What a Girl Wants: Teen Amanda Byrnes is "trying to fit in, born to stand out." She wants a fairy tale relationship with her absent dad and is tired of living with her unconventional mom, played by Colin Firth and Kelly Preston. Oliver James plays her love interest. PG. Cinema World. Cinemark.

 

MOVIE THEATERS
Use the links provided below for specific show times.

Bijou Art Cinemas
Bijou Theater 686-2458 | 492 E. 13th

Regal Cinemas
Cinema World 342-6536 | Valley River Center
Springfield Quad 726-9073 |

Cinemark Theaters
Movies 12 741-1231 | Gateway Mall
Movies before 12:30 are Sat. Sun. only. $1.50 all shows all days.
Cinemark 17 741-1231 | Gateway Mall

 

NEW RELEASES ON VIDEO
Releases subject to change. Available the Tuesday following date of EW publication, sometimes sooner. See archived movie reviews.

Bloody Sunday: Fictional re-enactment of the 1972 march in Derry, Northern Ireland, in which peaceful marchers for civil rights were fired on by British soldiers. Paul Greengrass's riveting cinema-verité style film stars James Nesbitt as a member of Parliament who does his best but fails to keep the march peaceful. Very highly recommended. R. Online archives.

Cockettes, The: Documentary of a drag performers' collective in San Francisco, late 1960s. David Weissman and Bill Weber find actor George Harris, stage name Hibiscus, who helped inspire the tribe. Positive review by The New York Times' A.O. Scott.

Dark Side of the Heart, The: Great Argentine director Eliseo Subiela (Man Facing Southwest) tells story of a self-absorbed poet looking for the perfect woman. Played by Dario Grandinetti (Marco in Talk to Her), he finds a woman who is perfect, but he cannot have her. I saw this 1992 film at the Portland International Film Festival some years ago and loved it.
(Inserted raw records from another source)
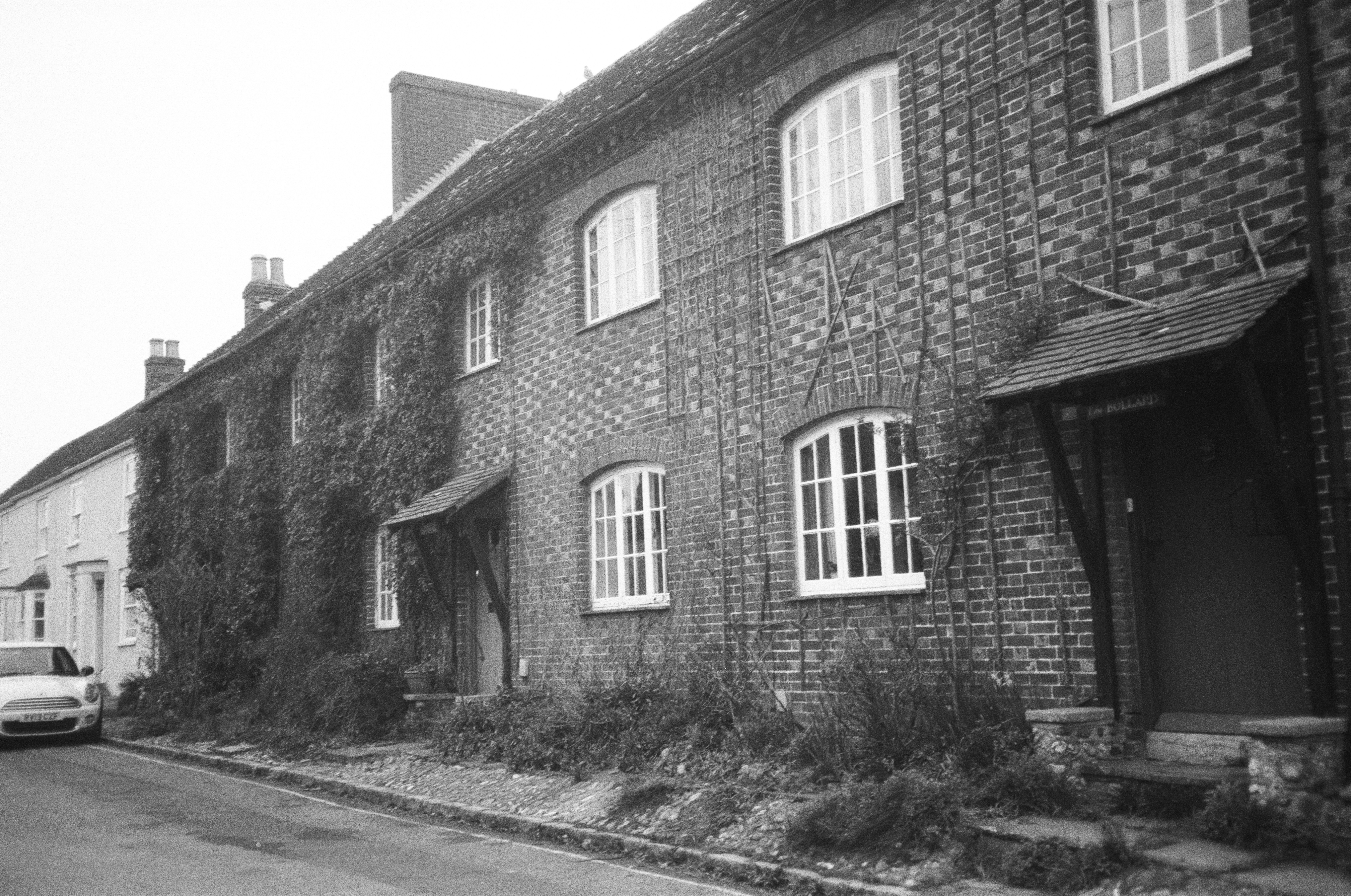 Reihe alter Backsteinhäuser mit Efeu und weißen Fenstern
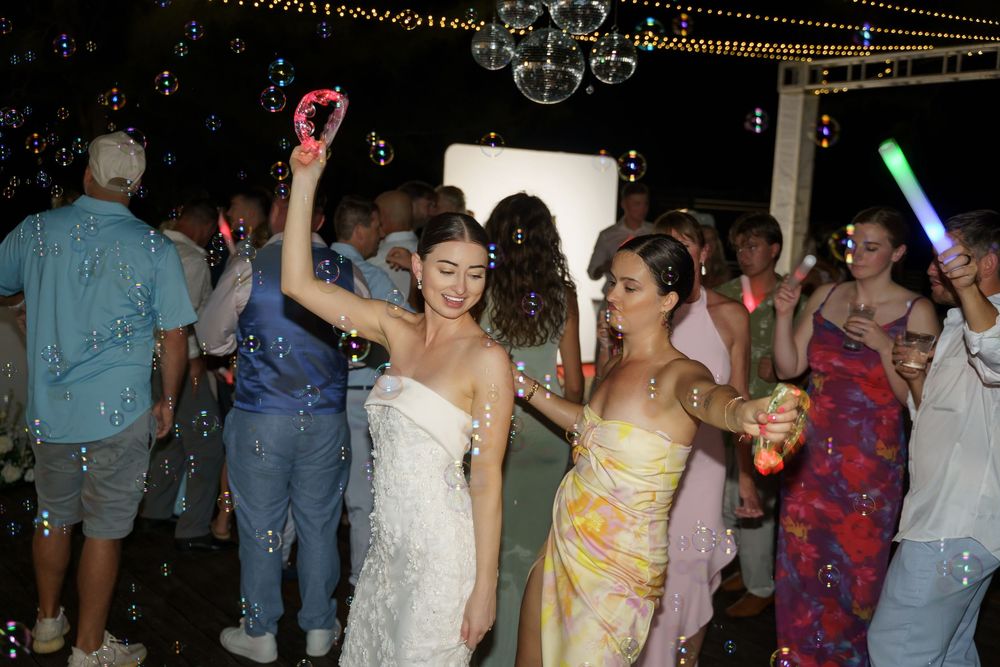 Wedding guests dance under string lights at a nighttime outdoor reception with glowsticks and festive atmosphere.
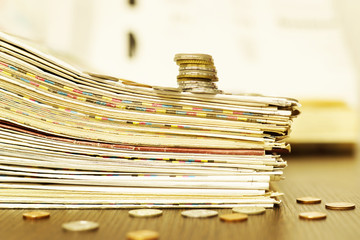 Newspapers and Money Cash. Stack of Daily Papers with News and Lots of Coins. Magazines and Journals for Business and Finance Concept 
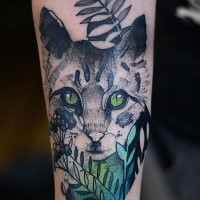 Lifelike nice looking painted by Joanna Swirska cat tattoo stylized with leaves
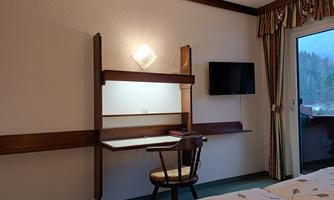 A cozy hotel room with a desk and a television.  
Windows overlooking the outside and a hint of nature.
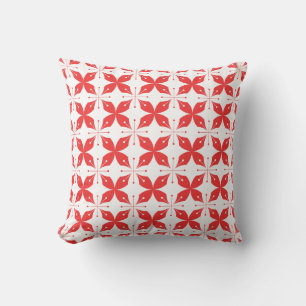 Red and white geometric pattern featuring stylised cushion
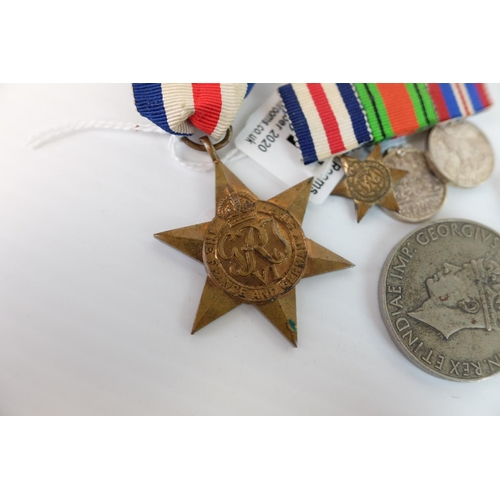 241 - Two World War II Medals together with a Bar holding Three Miniature World War II Medals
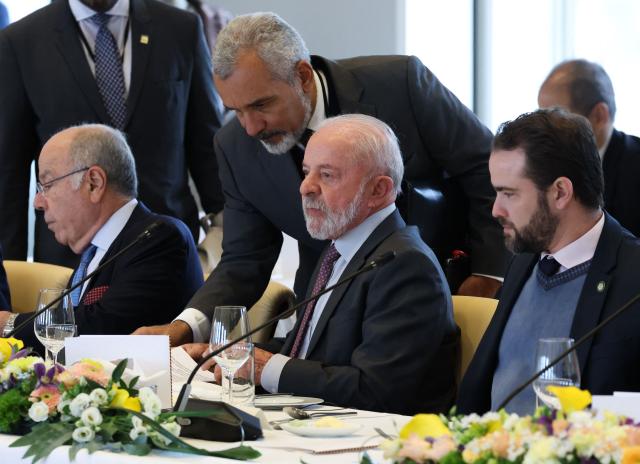 (From L) Brazil's Foreign Minister Mauro Vieira and Brazilian President Luiz Inacio Lula da Silva (C) attend the German-Brazilian governmental consultations meeting in Hanover, northern Germany on April 20, 2026, that is taking place on the sidelines of the Hannover Messe industrial trade fair. Brazil is the 2026 partner country of the fair, that will be running until April 24, 2026. (Photo by Odd ANDERSEN / AFP)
Highest recommendations. DVD from Cinemateca, Facets Video.

El Gallo de Oro (The Golden Cockerel): Re-mastered 1964 Mexican classic written by Gabriel Garcia Marquez and Carlos Fuentes explores the countryside and the Revolution through the tale of a poor man and a fighting rooster who hook up with a wealthy gambler and a singer. DVD from Cinemateca, Facets Video.